De Blasio Drops Frisk Suit, OKs NYPD Oversight

NEW YORK
Mayor Bill de Blasio speaks Thursday in Brownsville, Brooklyn, on the deal to end the stop-question-and-frisk legal fight. To the right are Police Commissioner William Bratton and city counsel Zach Carter. (Reuters/Eric Thayer)
Mayor Bill de Blasio speaks Thursday in Brownsville, Brooklyn, on the deal to end the stop-question-and-frisk legal fight. To the right are Police Commissioner William Bratton and city counsel Zach Carter. (Reuters/Eric Thayer)

Declaring an end to a police program that has saved thousands of lives but minorities say targeted them, Mayor Bill de Blasio on Thursday delivered on his campaign promise to end the “abuse” of stop-question-and-frisk, agreeing to the appointment of a monitor and seeking to end a 14-year court fight.

“We believe these steps will make everyone safer,” de Blasio said at a news conference in Brownsville, which media reports said was the neighborhood where residents were stopped most in the city.

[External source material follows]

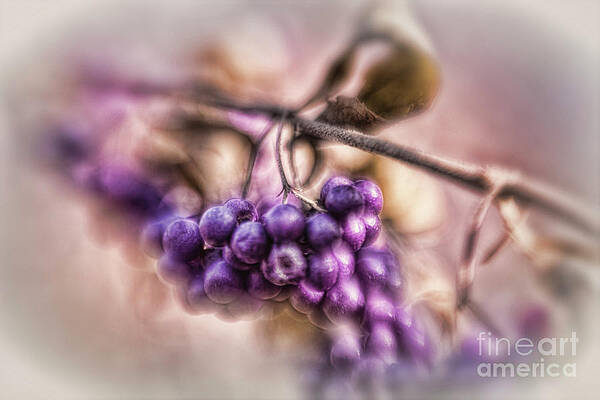 Wall Art featuring the photograph The American Beautyberry by Mary Lou Chmura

However, the 2nd Circuit Court of Appeals in an order Thursday allowed several police unions to pursue the appeal on their own. The unions, which represent more than 29,000 of the 35,000 members of the police department, have until Feb. 7 to challenge the city’s request to return the case to the lower court for resolution.

The unions had asked to step in if the city abandoned its appeals, saying in court papers that the rulings by Judge Shira Scheindlin were “fundamentally unsound” and would “rewrite the rules governing how they conduct themselves on a day-to-day basis.”

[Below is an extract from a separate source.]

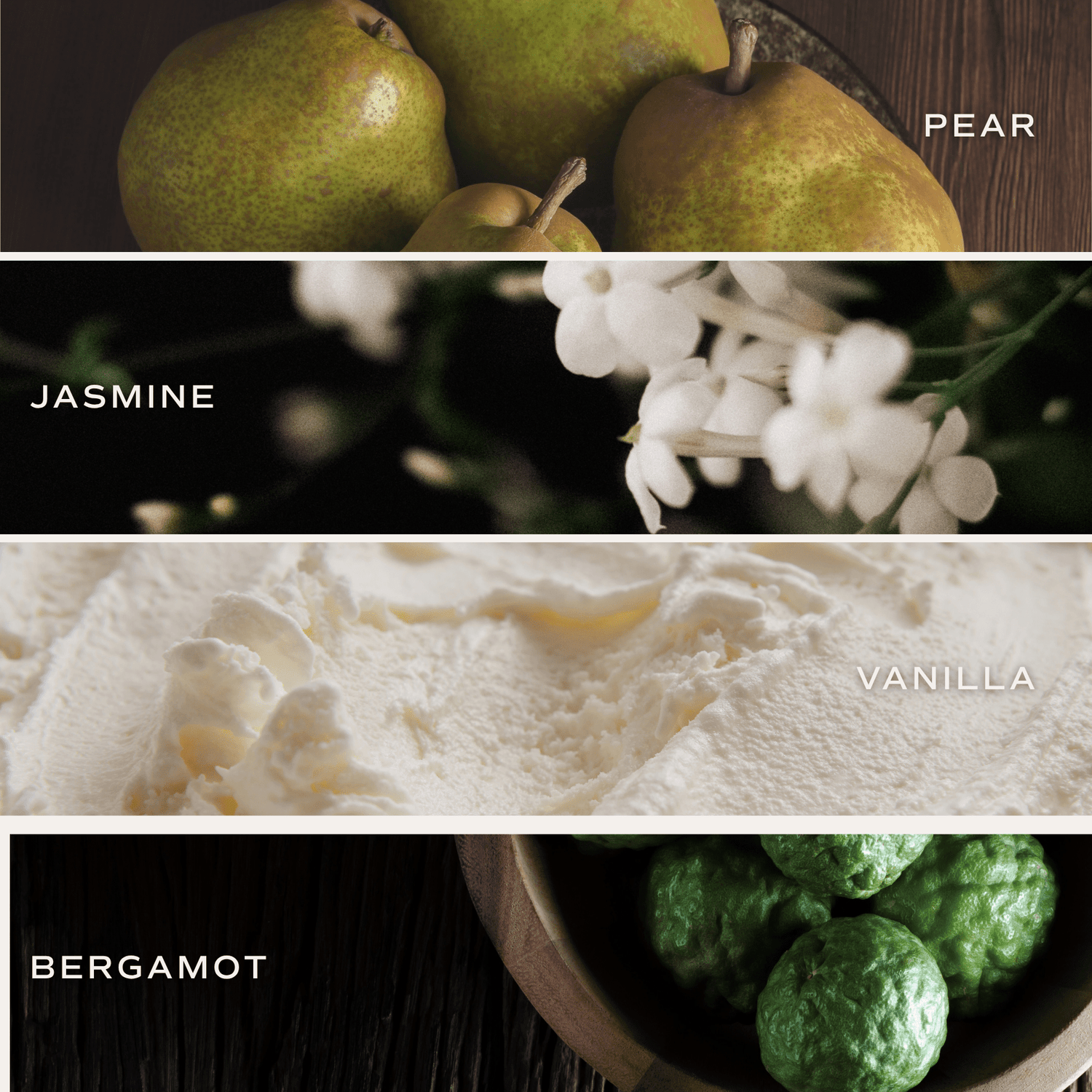 Cashmere and Vanilla Clear Reed Diffuser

Patrolmen’s Benevolent Association President Patrick J. Lynch said in a release Thursday that his organization continues “to have serious concerns about how these remedies will impact our members and the ability to do their jobs. Our goal is to continue to be involved in the process in order to give voice to our members and to make every effort to ensure that their rights are protected.”

De Blasio and Police Commissioner William Bratton have said the policy has created a rift among New Yorkers who don’t trust police and made morale low for officers who should be praised for stellar efforts reducing crime to record lows.

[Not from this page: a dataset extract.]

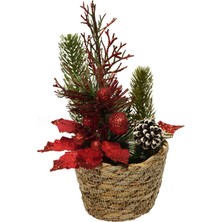 Via Gardenia Sepet Noel 25CM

The stop-and-frisk tactic itself was not ruled unconstitutional, but the way the department was using it violated civil rights, the judge said. In an unusual decision, the court of appeals removed Scheindlin from the case, saying that she gave the appearance of bias.

On Thursday, de Blasio said the city agreed to the appointment of a monitor for three years to oversee new policies aimed at ending discrimination. The monitor, which had been strenuously opposed by former Mayor Michael Bloomberg as crimping law enforcement, will oversee a process in which African-American and Latino communities will provide input on the reforms.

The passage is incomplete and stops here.